• **Problem description**: Would you please repeat all of the data exactly, omitting the pictures?

• **Data shown**:

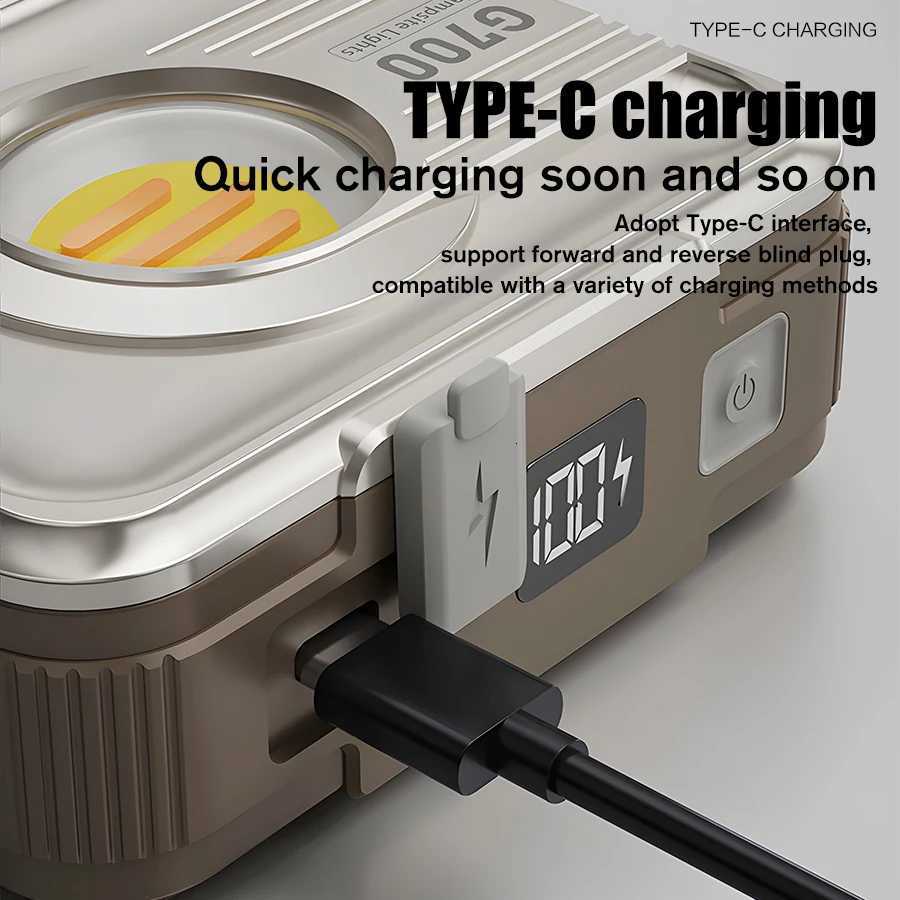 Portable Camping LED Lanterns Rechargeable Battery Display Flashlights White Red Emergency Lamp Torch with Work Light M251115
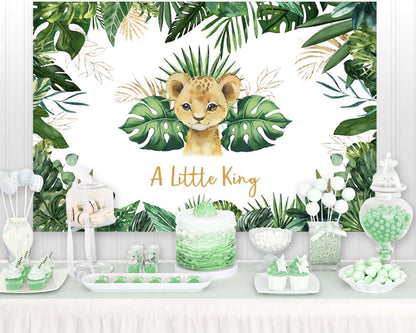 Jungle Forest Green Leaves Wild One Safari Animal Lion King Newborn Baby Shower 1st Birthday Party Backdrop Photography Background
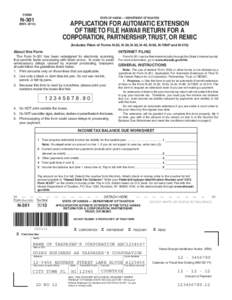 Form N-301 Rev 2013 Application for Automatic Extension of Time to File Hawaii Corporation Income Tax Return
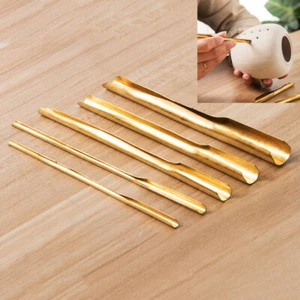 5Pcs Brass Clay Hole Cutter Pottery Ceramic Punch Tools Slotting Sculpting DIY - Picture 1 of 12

• **Written response**:
 Portable Camping LED Lanterns Rechargeable Battery Display Flashlights White Red Emergency Lamp Torch with Work Light M251115
 Jungle Forest Green Leaves Wild One Safari Animal Lion King Newborn Baby Shower 1st Birthday Party Backdrop Photography Background
 Form N-301 Rev 2013 Application for Automatic Extension of Time to File Hawaii Corporation Income Tax Return
 5Pcs Brass Clay Hole Cutter Pottery Ceramic Punch Tools Slotting Sculpting DIY - Picture 1 of 12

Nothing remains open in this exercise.